Train: A train runs daily between Bamako and Kayes. The comfort in these trains (air conditioning, dining car) is not bad. The “timetables” are never met, the speed of travel is low. Many stations have been closed since 2003.

Cars: The road quality in Mali is very different, from very well paved to impassable through the rainy season. The main route in Mali runs from Sikasso in the south to Bamako, Mopti and Gao. The roads north of Niger are often very bad.

During the rainy season (mid-June to mid-September), when the Niger and its tributary Bani flood, the road between Mopti and Gao is closed.

Buses (including those from Somatra and Bittar) connect the larger cities in Mali. Bus taxis and minibuses also go to remote areas and are a little cheaper than buses. Documents: The international driving license is recommended. Visitors with their own vehicle need a “Carnet de passage”.

Longer night drives should be avoided due to roadblocks and the risk of accidents and robberies.

City traffic: The shared taxis in the cities are inexpensive, uniform tariffs are required.

Mali – Places to See

In Mali’s capital Bamako , the botanical garden, the zoo and the Musée National are recommended. It is of course also interesting to trade in the markets.

Djenne was one of the most important cities on the Trans-Sahara route. Djenne is best known for the huge clay mosque, in the shade of which a colorful market takes place every Monday. The original settlement was around 250 BC. BC and is located about 5 km from today’s Djenne. Djenné has strange buildings that seem to grow out of the ground, soft and crooked. The magnificent mosque is one of the most impressive buildings on earth.

Mopti is located at the confluence of the Bani and Niger rivers. The city consists of three islands connected by dams. The city’s mosque and market are well worth seeing. The busy river port with pinasses and pirogues, among others to Timbuktu, always offers a photo opportunity. Mopti is the link between the Arab and Black African world. This is the southernmost point where the Arabs come with their merchandise to trade with the rest of the continent. Because of its great importance, the Arabs call Niger “the Nile of the black man”.

Southeast of Mopti, on the Bandiagara plateau, lives the Dogon people, whose religious traditions have remained untouched by Islam to this day. It is recommended to visit their very interesting villages only on organized tours or with a local guide. Otherwise it is possible to accidentally disrupt the very traditional way of life of the Dogon. The Bandiagara cliff has been recognized by UNESCO as a World Heritage Site.
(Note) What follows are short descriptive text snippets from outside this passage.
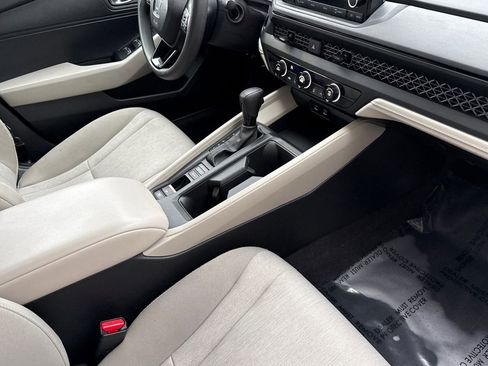 Used 2023 Honda Accord LX image 31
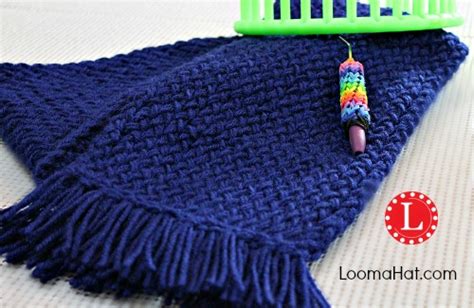 Loom Knit Scarf for Beginners - LoomaHat.com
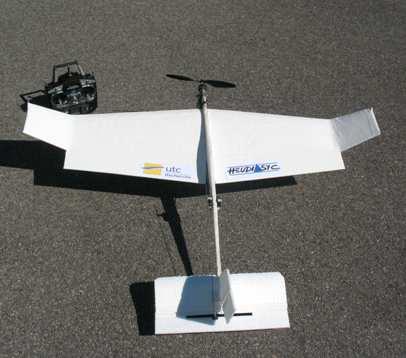 Figure 5-11: First prototype. 5.3.2 Airfoil-shaped wing aircraft The first prototype provides a good maneuverability due to its large wing area and large control surfaces.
Timbuktu was the center of the legendary gold and salt trade in the 15th century. In addition, numerous Islamic clerics taught in this town on the edge of the desert. Nowadays Timbuktu has more or less crumbled, but there are still some mosques (e.g. Djingerebur, Sankore or Sidi Yahaya) and tombs from the 14th century.

In the centuries-old city of Gao, the Kankan Moussa Mosque is very interesting, and the tombs of the Askia dynasty also invite you to visit.

La Boucle du Baoule National Park: There is not much left of the wildlife in Mali. You can still see some things in the La Boucle du Baoule National Park, with luck you can see giraffes, buffalos or hippos.